Suisse (la Confédération suisse)
Allocution d'Alexeï Borodavkine, Ambassadeur de Russie auprès de l'Onu et d'autres organisations internationales à Genève, lors de la célébration solennelle de la Journée de commémoration en mémoire des victimes de l'Holocauste, Genève, le 27 janvier 2015
Messieurs le Directeur général Moller et l'Ambassadeur d'Israël Manor,
Monsieur Borlant, Mesdames et Messieurs,
Aujourd'hui, le monde entier célèbre la Journée de commémoration en mémoire des victimes de l'Holocauste. J'ai le grand honneur de m'adresser à vous de cette tribune, au nom des soldats de l'Armée rouge qui avaient ouvert les portes d'un camp de la mort nazi, celui d'Auschwitz, il y a 70 ans, le 27 janvier 1945.
Les soldats de l'Armée rouge étaient bouleversés. Les nazis avaient créé une véritable "usine de la mort". Des Juifs – femmes, enfants, hommes, vieillards – étaient envoyés à Auschwitz depuis les territoires occupés par les hitlériens pour périr dans des chambres à gaz. Des corps étaient brûlés dans des crématoires spécialement préparés à cet effet. Les soldats de l'Armée rouge ont vu des montagnes de jouets, de chaussures, d'affaires personnelles, de lunettes et d'alliances – ce qui restait des 1,5 million de gens tués par les bourreaux hitlériens. Mais ce n'est pas tout. Certains monstres nazis fabriquaient des abats-jour en peau humaine et essayaient de lancer la production de savon de chair humaine. Des gens, y compris des enfants, ont subi les pires tortures dans le cadre d'expériences médicales.
Auschwitz n'était qu'un camp de concentration sur plus d'une vingtaine créés par les nazis - dont Belzec, Dachau, Majdanek, Buchenwald, Sobibor, Treblinka. Sans exagérer, une véritable "industrie d'éradication" des Juifs, des Tziganes, des Russes et d'autres Slaves, de soldats de l'Armée rouge prisonniers était mise en place. Et pas seulement dans les camps. Des centaines de milliers de Juifs ont été fusillés à Babi Yar, Bogdanovka, Drobitski Yar, Poneriai (Lituanie), Tallinn, Tartu et Pärnu (Estonie), Belostok (Belarus), dans les régions de Leningrad, de Novgorod et de Rostov, dans le Caucase du Nord et en Crimée. Les prisonniers du ghetto de Varsovie ont connu un sort horrible.
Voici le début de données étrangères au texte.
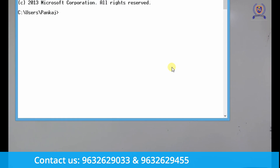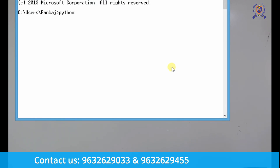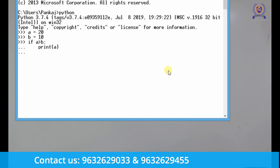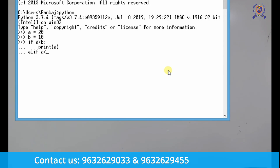Let me open up the command prompt and type python. Let's create a variable a equal to 20, variable b equal to 10. If a is greater than b, print a. Then elif a is less than b, print b. And else, print nothing.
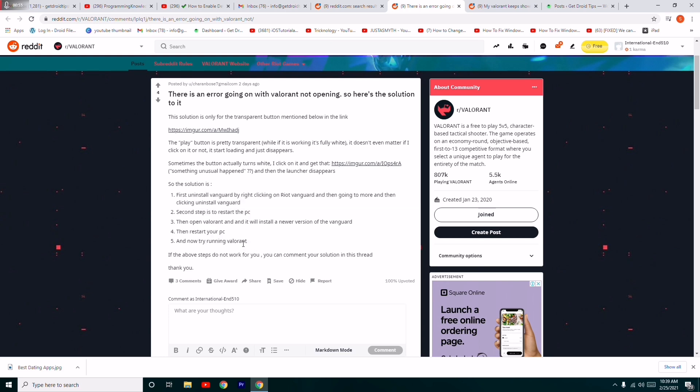So these are some of the workarounds which you can try out. For many people, this workaround has helped and they were very happy with this. So this is what you have to try.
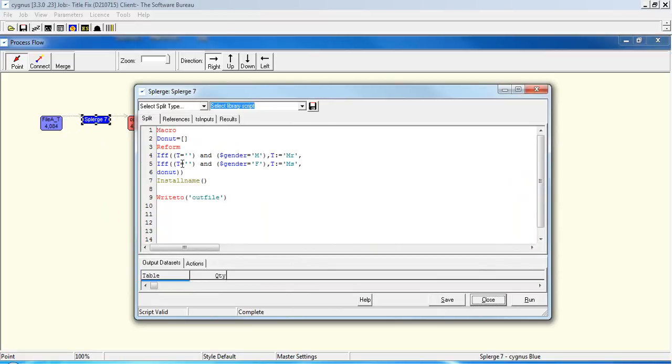If the T field is blank and the dollar gender is equal to F for female, then the title becomes equal to Ms. Otherwise, do nothing using our do nothing macro. And after that, we're doing an install name, which is a name burst.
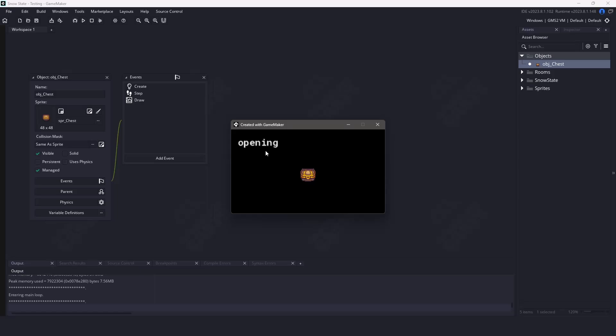Hi everyone, welcome back to GameMakerCast, it's Mickey and in this video we're going to be taking a close look at a plugin called SnowState. This plugin is a robust finite state machine. It's easy to set up and helps you keep your code organized.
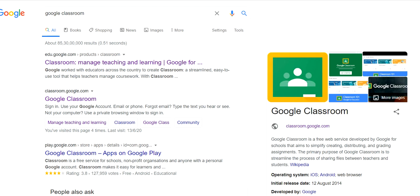Hello everyone, today we are going to see an important topic: how to sign out from a Google Classroom. If you are accidentally logging into your child's classroom with your own mail ID and you want to come out to avoid disturbance, this is one of those cases where you'd be searching for how to sign out of Google Classroom. Let's go into the video — I will show you how to do that.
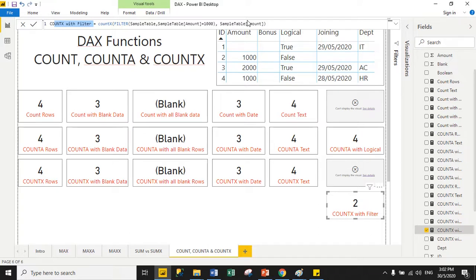To summarize: COUNT, COUNTA, and COUNTX all work similarly. COUNTA additionally supports logical values. COUNTX supports two arguments — table name and expression — and can be used with the FILTER function. Thank you.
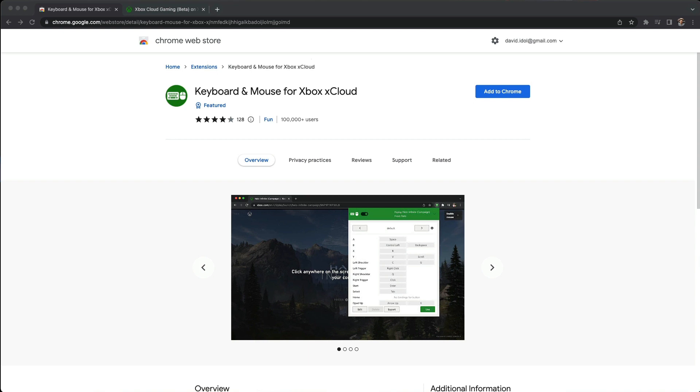Xbox Cloud Gaming, aka xCloud, does not allow for mouse and keyboard control. Installing this add-on will allow you to use mouse and keyboard as though you were using a normal Xbox controller and play xCloud games exactly as you want.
Aujourd'hui, nous appelons tout ce cauchemar: Holocauste. Dans les documents hitlériens officiels, il portait le nom de "solution finale de la question juive". A l'époque de leur domination, les nazis ont tué plus de 6 millions de Juifs. D'autres nations ont également subi ce génocide à cause de leur appartenance raciale. Les Tziganes étaient condamnés à l'éradication. Et parmi les peuples slaves – les Russes.
Je n'ai pas rappelé toute cette horreur pour jouer sur vos nerfs ou susciter la pitié. Le malheur est que dans le monde actuel, on commence à oublier que le nazisme est le mal absolu! Que les crimes commis par les hitlériens n'ont pas de prescription, que les bourreaux nazis sont condamnés par le tribunal de Nuremberg! Ni eux, ni les collaborationnistes qui ont aidé les nazis à commettre ces crimes et qui ont du sang jusqu'au coude, ne peuvent être pardonnés.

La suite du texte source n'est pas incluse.